Güncelleme Tarihi:
Yollar yürümekle aşınmaz… 8 Kasım 1968'de Adalet Partisi Ankara İl Kongresi’nde hükümetten memnun olmayan ve sürekli protesto yürüyüşleri yapan halk ile ilgili fikri sorulduğunda böyle deyivermiş Süleyman Demirel. Yürüsünler, kim takar… İşin “iyi” (!) tarafından bakarsanız, artık daha fazla kale alınır olduk. O aşındıramayacağımızı düşündükleri yolları yürürsek bizi vuracaklarını söyler hale geldiler… 2013 yazında bir şey oldu çünkü. Bize bir şeyler oldu, ülkeye bir şeyler oldu. Çok güzel oldu. Sesimizi çıkartabileceğimiz, gerekirse yolları da aşındırabileceğimiz görüldü. Gerisi? Gerisi hüsran… Silah tutan biz değiliz sonuçta…

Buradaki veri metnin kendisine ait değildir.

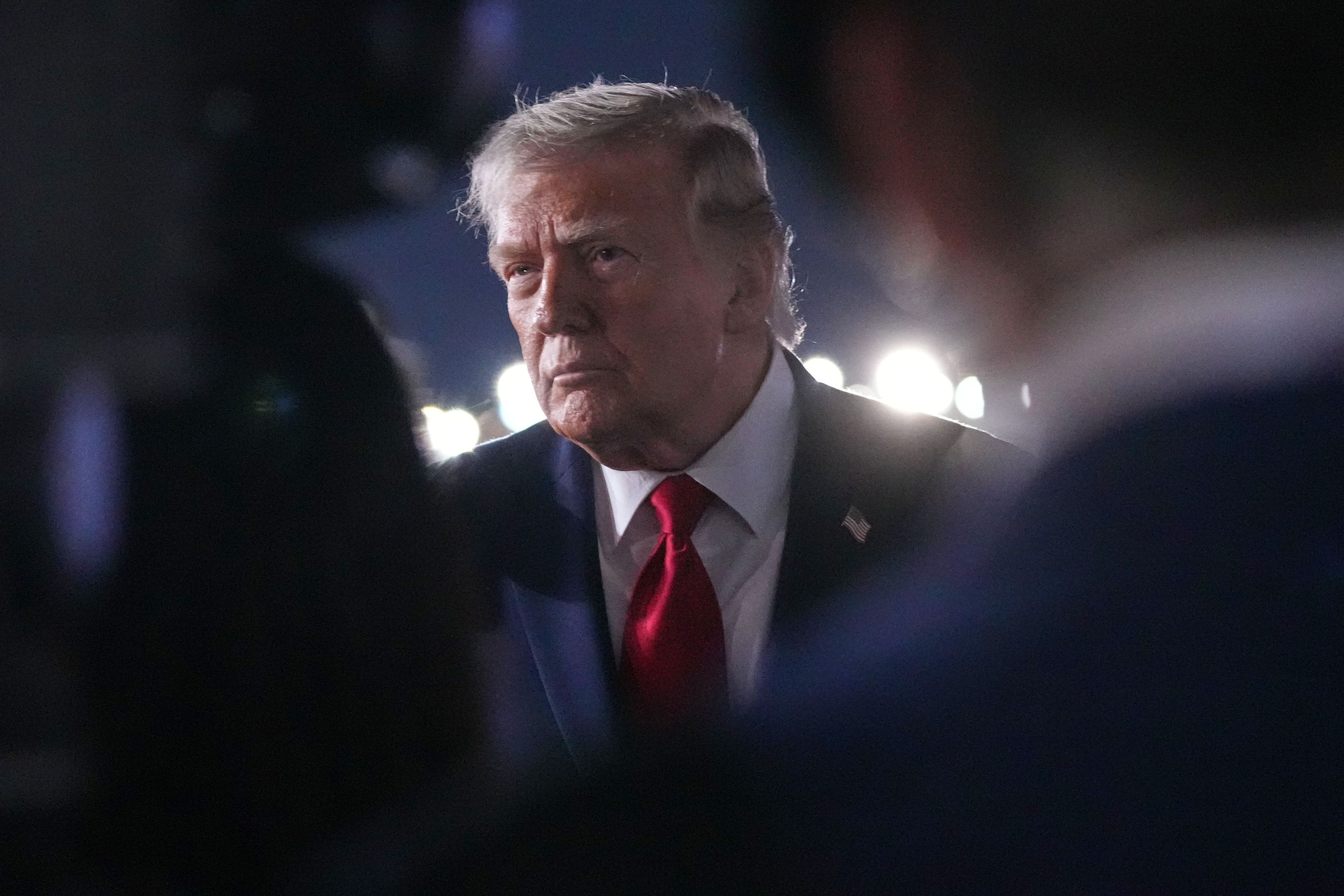 US-Präsident Donald Trump spricht mit Reportern bevor er an Bord der Air Force One geht.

Boysan Yakar’ın adını LGBTİ hareketinde olmadığım için ilk o dönemlerde duydum. Normalde herkesi eleştirmeye pek meraklı Ekşi Sözlük’te kendisiyle ilgili ilk yorumdan bile nasıl bir insan olduğunu anlıyorsunuz:
"lambdaistanbul'un tüm organizasyonlarında en önde yürüyen, radikal ve birgün gibi gazetelerde röportajlarında , if'te gösterilmiş pek çok filmin yapımcılığında boy göstermiş olup şimdilerde bolca kamera önünde de görmeye başlayacağımız inanılmaz güzel bi yüze/vücuda/karaktere/mizaca sahip olan adem oğlu.”

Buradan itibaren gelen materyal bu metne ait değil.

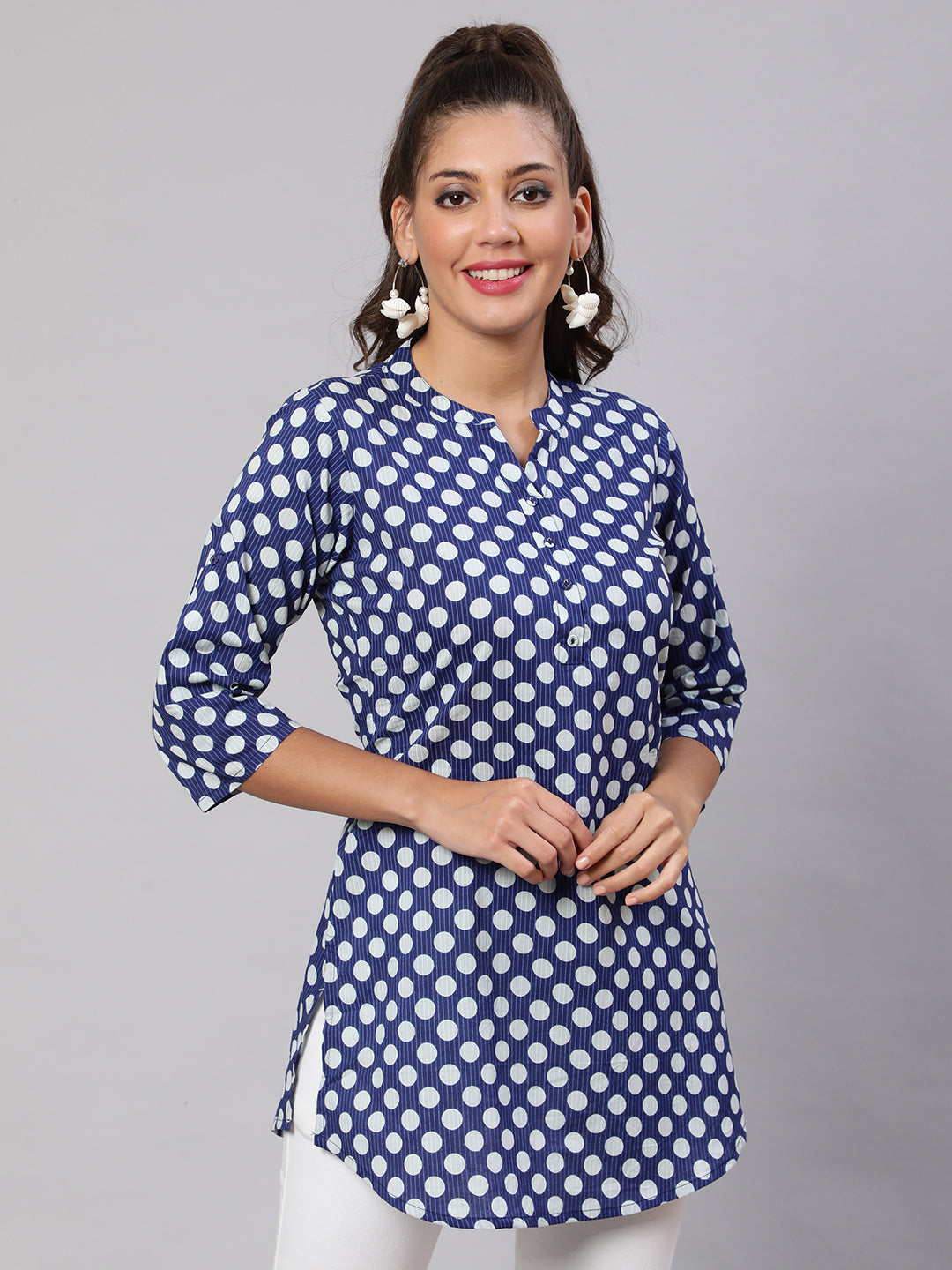 Women's Blue Straight Tunic With Three Quaretr Sleeves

Boysan Yakar'ın evinde halen duran topuklu ayakkabıları
Boysan, topuklu ayakkabılarıyla yolları aşındırmaya karar vermiş biriydi. Bu dünyaya çok şey katan insanları bir şekilde bulan bir bela gibi Boysan Yakar da çok erken, 31 yaşında, saçma bir trafik kazasında arkadaşları LGBTİ aktivitisti Zeliş Deniz ve Mert Serçe ile beraber hayatını kaybetti. Boysan’ın hareketteki rolüne sonuna kadar destek veren, çok büyük bir kalbe sahip annesi, Boysan’ın Harbiye Üftade Sokak’taki evini harekete bağışlamış ve Boysan’ın yarıda bıraktıklarını devam ettirmeye karar vermiş. Evin ilk sahipliğini yaptığı etkinliklerden biri de bu sene yedincisi düzenlenen LGBTİ+ Onur Haftası sergisi, nerdeen nereye oldu. Yakın bir arkadaşını kaybetmiş biri olarak, çocuğunu kaybetmiş bir anneye her söylenenin boş olduğunu gözlemleme şansızlığım oldu bu hayatta maalesef. Boysan’ın annesiyle konuşurken de serginin halen Boysan’ın eşyalarının durduğu, çok sıcak bir havası olan ev ortamında yapılmasının sergiyi daha da güzel, içten kıldığına dair bir şeyler geveledim. Aslında söylediğimde samimiydim ama sanki ne söylesem, gerçek duygularına vakıf olamayacağımı düşündürten boş laflar gibi geldi… Yine de sergi açılışı o kadar kalabalık, ortam o kadar samimiydi ki Boysan’ın annesini hep beraber birazcık da olsa mutlu edebilmiş olduğumuza inanmak istiyorum.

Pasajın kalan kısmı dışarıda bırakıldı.